Unlike more severe traumatic brain injuries, the disturbance of brain function in MTBI is related more so to dysfunction of brain metabolism rather than to frank structural injury or damage. The current understanding of the underlying pathology of MTBI involves a paradigm shift away from a hardware/ anatomic damage model to a software/ neuronal dysfunction model (Giza & Hovda, 2001) involving a complex cascade of ionic, metabolic and physiologic events. The cascade includes shifts in ionic concentrations, indiscriminate release of excitatory amino acides (glutamate), altered brain glucose metabolism (first hyperglycolysis, then hypoglycolysis), reduced cerebral blood flow, with possible axonal injury - resulting in impaired connectivity and changes in neurotransmission as indicated in Figure 1. Clinical signs and symptoms of MTB such as poor attention, memory, speed of processing, and motor function are manifestations of this underlying neurometabolic cascade. Further work by the Hovda and Giza group also has demonstrated adverse effects of experimentally induced TBI on the developmental plasticity (i.e., dendritic arborization) of the brain in young animals with implications for the unique effects of the injury upon the child. Animal models investigating the effects of post-injury exertional activity demonstrate that both excessive overuse and underuse of an impaired limb following experimental unilateral brain injury can lead to worse neurological and behavioral recovery (Humm, Kozlowski, et al., 1998; Leasure & Schallert, 2003).
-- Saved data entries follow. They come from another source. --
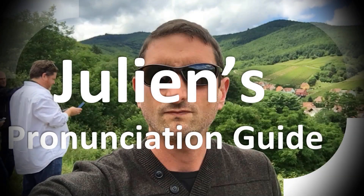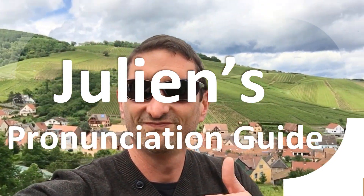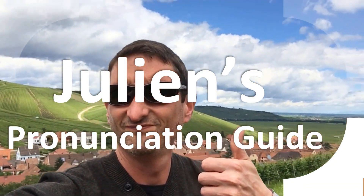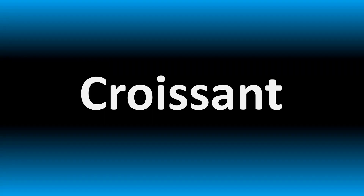You are looking at Julian's pronunciation guide, where we look at how to pronounce better some of the most mispronounced words in the world. Too many people mispronounce in English, so stay tuned to the channel just to learn here how do you say it?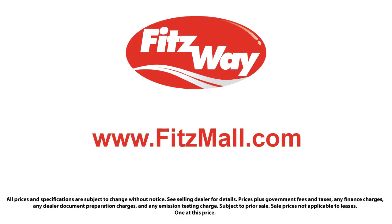The Fitzway puts the customer first with honesty, respect, and a total commitment to customer satisfaction. That's the Fitzway.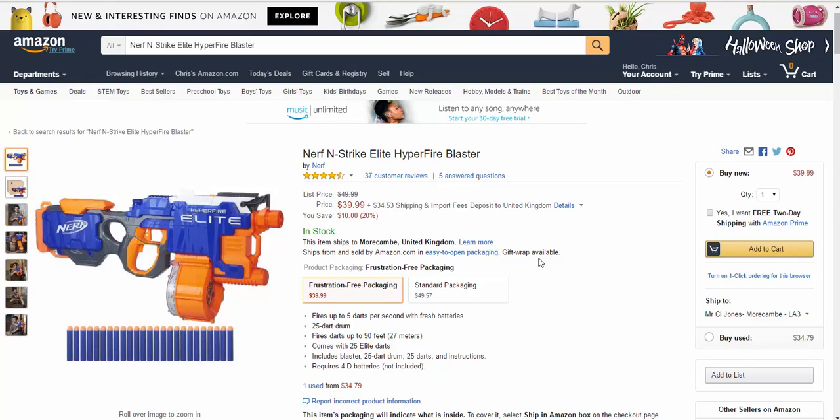Hi guys, in this video we're going to look at where to buy the Nerf N-Strike Elite Hyperfire Blaster. There's loads of places — obviously you can buy from Walmart, you can buy from a million and one different places. I recommend that you order from Amazon, but before you do,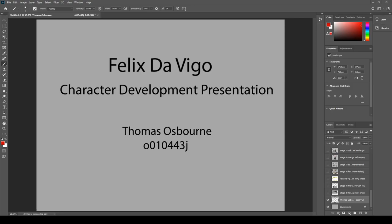Hello and this is my character presentation for Felix DeVigo. When we were given the brief for Felix, the first thing I did was straight away just start sketching ideas of what I thought was about right.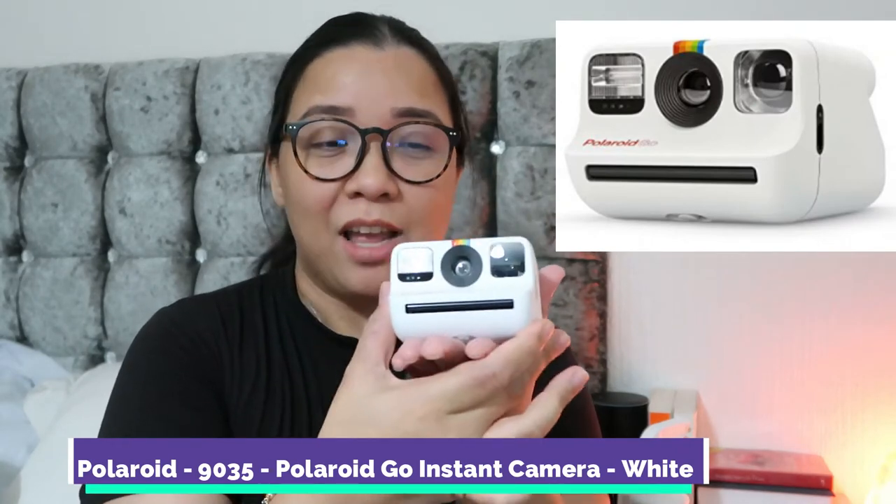The next one I want you to check is this Polaroid Go — this is my Christmas present to my daughter. It's very small, about the size of my palm. It has a strap and the link is in the description box. What I like about it is it's very small compared to the big ones they had before, and it has a reflector so you can see yourself when doing a selfie. That way you know where you're looking, because sometimes with a Polaroid you end up wasting the film.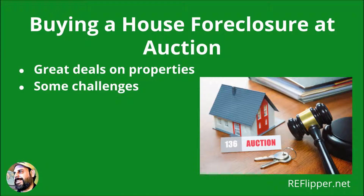Hi, it's Nick at ReFlipper.net. Have you been trying to figure out how to buy a house foreclosure at auction? In this video, we will talk about how to buy a house foreclosure at auction successfully, step by step. Buyers at a foreclosure auction can get a great deal on a property, but will also face some challenges. Here are some important things to consider.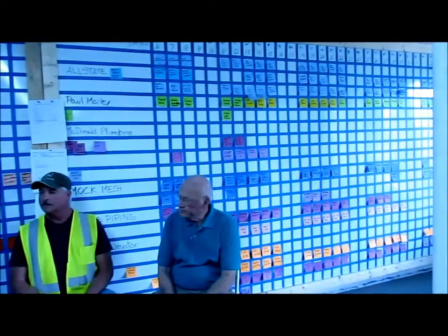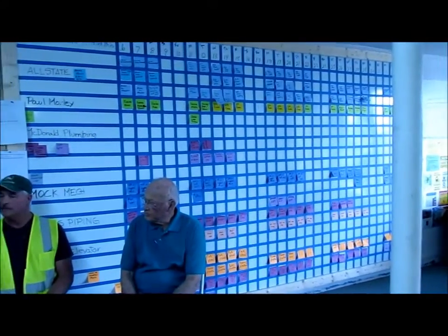I'm Charlie Garbutt with Garbutt Construction Company, and what you see behind us this morning is a pull plan called the Last Planner System that we're using on this job to renovate and repurpose the old First National Bank building for higher education use with Georgia Military College.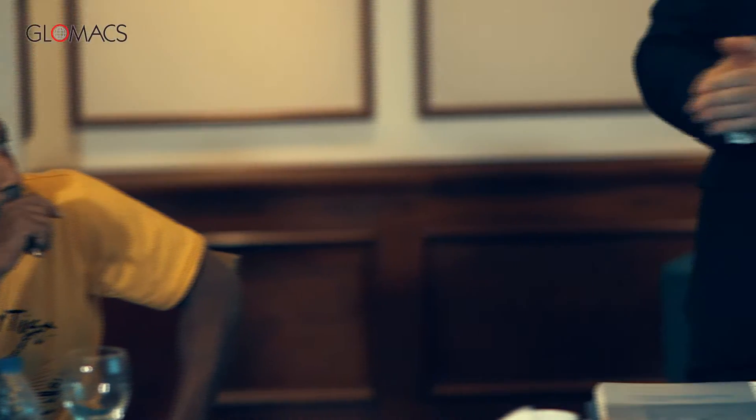I'm working as an electrical maintenance section head. This is actually the first time I've attended a course with Glomax. I've really gotten a lot of information from the course — something related to protection, protection relays, breakers, CT, VT, and instrument transformers.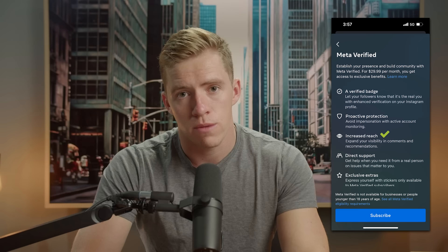After clicking on that, it pops up with a screen showing you the verified badge, profile protection against impersonation, increased reach due to visibility in comments and in search, and direct support with a real person for issues that affect your account. This is a big one that most people would happily pay for just on its own, even without the verification. And then there are also exclusive stickers you can use.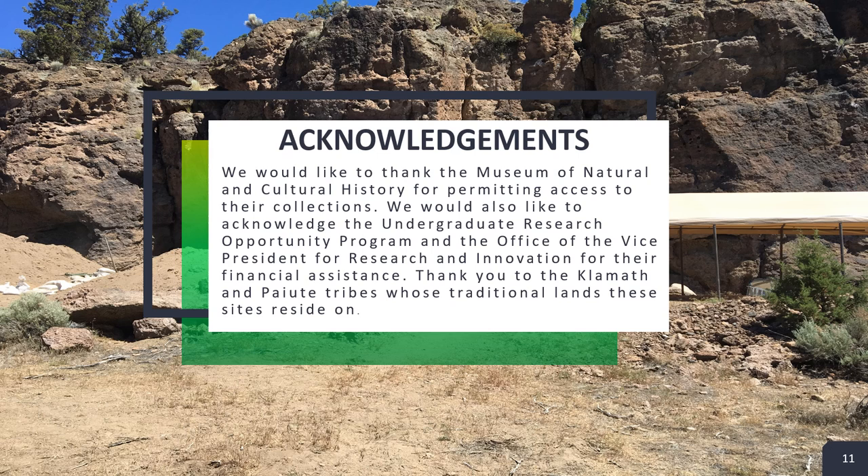Finally, for this project, we would like to thank the Museum of Natural and Cultural History, UROP, and the Vice President for Research and Innovation for their financial support. Most importantly, thank you to the Klamath and Paiute tribes whose traditional lands these sites reside on. Here's a snapshot of the poster that we made — thank you all for listening, and stay safe!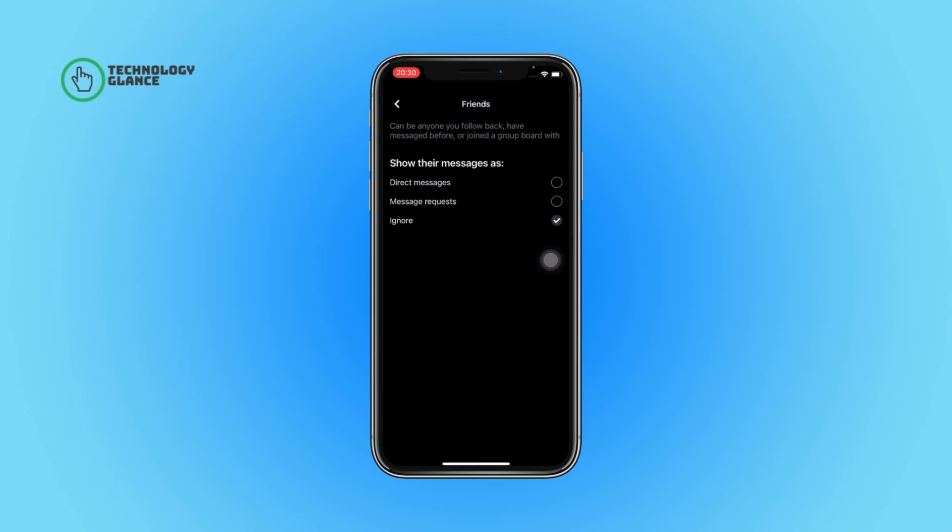From here, beside the Ignore option, you can find a button — tap to select it. And that's it! This is how you can direct your friends' messages to ignore on Pinterest.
These findings have critical implications for post-injury rehabilitation and highlight the importance of a mild degree of activity and not significant over-exertion.

Figure 1. Neurometabolic cascade following experimental concussion. (Giza & Hovda, 2000)

Functional imaging studies of patients have demonstrated a variety of physiological and metabolic changes in the brain following MTBI using (1) PET with findings of reduced glucose metabolism following TBI lasting 2-4 weeks post-injury (Bergsneider, Hovda, Lee et al., 2000 J of Neurotrauma), (2) SPECT, with abnormalities in cerebral perfusion 3 months post-injury correlating with post-concussive symptoms (Jacobs, Put, Ingels et al., 1996), (3) Event-Related Potentials (ERP) indicating electrophysiological abnormalities during attentional tasks (Lavoie, Dupuis, Johnston et al., 2004), and (4) fMRI studies which have found abnormal brain activitation patterns during working memory task performance one month post-injury (McAllister, Sparling, Flashman et al., 2001). The findings from the animal and human work have important implications in explaining the variability in symptom presentation and cognitive dysfunction, reasons for increased vulnerability to repeat injuries within a short timeframe, increased risks and vulnerabilities in the developing brains of children, and strategies for rehabilitation planning (, Giza & Hovda, 2001).